Le choix de Michel Barnier est une décision de Jean-Claude Juncker. Elle a fait grincer des dents dans les Etats membres et au sein même de l’institution. D’aucuns voyaient cette mission confiée au Néerlandais Frans Timmermans, jugé beaucoup plus conciliant et donc favorable aux intérêts britanniques. Le français a d’autres atouts . « Barnier est un type bien. Il connaît les problèmes sur lesquels ont va devoir négocier », a expliqué Jean-Claude Juncker dans un entretien au quotidien belge Le Soir. Barnier a été ministre de l’Environnement, de l’Agriculture, des Affaires européennes et des Affaires étrangères, commissaire européen chargé des politiques régionales (1999-2004) puis responsable du Marché intérieur et des services financiers (2009-2014) mandat au cours duquel il a négocié l’Union bancaire avec seulement deux vote contre des Britanniques sur 42 textes. Et il est apprécié à Londres. Syed Kamal, le chef du groupe des Conservateurs britanniques au Parlement européen a salué un « homme expérimenté et pragmatique ».

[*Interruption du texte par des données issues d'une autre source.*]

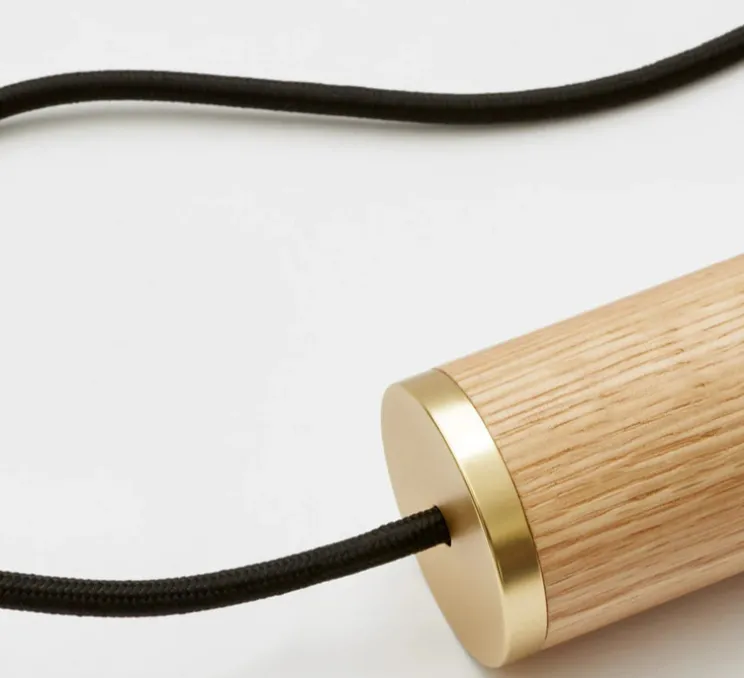 Suspension, Knuckle, chêne, Ø5cm, H8cm - Tala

Michel Barnier va devoir composer avec l’équipe des Etats dirigée par le diplomate belge Didier Seeuws, 52 ans, chef de cabinet de Herman van Rompuy, le prédécesseur de Donald Tusk à la présidence du Conseil. Homme de l’ombre, il connaît bien les arcanes de la machine et les comportements des dirigeants européens pour les avoir côtoyés pendant des années. Ironie du destin, il a été dans une vie antérieure le porte-parole de l’ancien Premier ministre libéral belge Guy Verhofstadt, 63 ans, chargé de négocier le Brexit pour le Parlement européen. Les trois hommes se connaissent, ont déjà travaillé ensemble par le passé et s’apprécient.
Leur mission première sera de « détricoter 43 années d’acquis communautaire avec le Royaume Uni, et ce sera un énorme travail », m’a expliqué un de leurs collaborateurs. « On ne connaît pas encore les priorités des Britanniques. C’est un immense merdier, un saut total dans l’inconnu, mais il peut en sortir du bien », a-t-il confié.
Les détricoteurs attendent que Londres se décide. Michel Barnier veut rencontrer chacun des 27 gouvernements et le Parlement européen « afin d’établir une relation de travail « .
Leur mandat est clair. « Il s’agit de protéger les intérêts de ceux qui veulent rester ensemble, pas ceux de celui qui veut partir », a expliqué Donald Tusk. Jean-Claude Juncker a pour sa part averti de son intention d’être sans merci pour les « déserteurs ». « Les négociations seront très difficiles pour les britanniques », prédit Robert Fico. « L’intention est de montrer aux autres membres de l’UE qu’il vaut mieux rester au sein de l’UE », explique-t-il.